- Origin: Greenwich, CT
- Genres: Trap; hip hop;
- Occupations: DJ; musician;
- Years active: 2012—2018
- Labels: Dim Mak; Owsla;
- Past members: Kenny Beats; Ryan Marks;

= Loudpvck =

American electronic music project

Loudpvck was an electronic music project consisting of Kenny Beats (born Kenneth Blume III). Originally a duo, the project also included Los Angeles-based DJ Ryan Marks until his departure in November 2017, citing his desire to work on other projects. Loudpvck is best known for collaborating with artists such as NGHTMRE and Zeds Dead, and for remixing songs by artists such as Major Lazer and The Chainsmokers.

==History==
Marks and Beats met at the Berklee College of Music in Boston in 2009 before going on to form the duo, Loudpvck, which has released original songs alongside a remix of The Chainsmokers' "Paris" in 2017.

On January 13, 2017, Loudpvck released "More Than I Can Take" with Rickyxsan as a single. On February 24, 2017, they collaborated with Botnek to release the song "Traffic".

On November 3, 2017, Ryan Marks announced his departure from the duo, stating he plans to "pursue other things creatively". On Instagram, Marks stated "I trust in Kenny and our team implicitly to continue delivering amazing music and performances without me."
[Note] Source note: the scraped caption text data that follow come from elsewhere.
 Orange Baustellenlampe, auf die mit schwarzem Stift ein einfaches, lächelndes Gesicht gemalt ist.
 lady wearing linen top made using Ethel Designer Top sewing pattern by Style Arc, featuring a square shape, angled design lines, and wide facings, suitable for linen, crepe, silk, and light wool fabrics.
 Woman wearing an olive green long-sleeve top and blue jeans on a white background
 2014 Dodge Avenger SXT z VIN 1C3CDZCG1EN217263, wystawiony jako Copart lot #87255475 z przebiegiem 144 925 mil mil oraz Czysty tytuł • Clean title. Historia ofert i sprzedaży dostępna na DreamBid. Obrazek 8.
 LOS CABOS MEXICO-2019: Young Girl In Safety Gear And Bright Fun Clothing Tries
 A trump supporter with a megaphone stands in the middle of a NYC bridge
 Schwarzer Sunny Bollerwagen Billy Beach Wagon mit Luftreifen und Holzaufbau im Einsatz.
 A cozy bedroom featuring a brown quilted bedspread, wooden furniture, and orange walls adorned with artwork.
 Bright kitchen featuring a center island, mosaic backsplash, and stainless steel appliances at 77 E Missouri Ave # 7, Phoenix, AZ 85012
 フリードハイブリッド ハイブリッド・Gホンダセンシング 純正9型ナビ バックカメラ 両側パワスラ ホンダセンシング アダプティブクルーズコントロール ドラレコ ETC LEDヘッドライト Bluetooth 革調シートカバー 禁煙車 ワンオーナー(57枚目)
Kenny Beats has seen success since the disbandment of Loudpvck as a solo act with production credits on Gucci Mane and Ski Mask the Slump God projects, among others.

==Discography==
===Extended plays===
Adapted from iTunes.
- Botany (2015)

===Singles===
Adapted from iTunes.
- "Wylin" (2014)
- "Tony" (2014)
- "Nagano" (2014)
- "Flies" (2015)
- "Guess Who" (2015)
- "Click Clack" (2016)
- "More Than I Can Take" (2017)
- "Traffic" (2017)
- "Gone" (2017)
- "Bones" (2017)
- "Pace" (2017)
- "Jumanji" (2017)
- "Liar" (2018)

===Remixes===
Adapted from WhoSampled.
- Nervo – "Hold On" (2013)
- Carnage and Tony Junior – "Michael Jordan" (2013)
- Brillz and Minxx – "Fuzzy Peach" (2013)
- Kill the Noise – Jump Ya Body (2013)
- Autoerotique – "Asphyxiation" (2013)
- A$AP Rocky - "Multiply" (2014)
- Dada Life – "Freaks Have More Fun" (2015)
- Kill the Noise – "Without a Trace" (2016)
- The Chainsmokers – "Paris" (2017)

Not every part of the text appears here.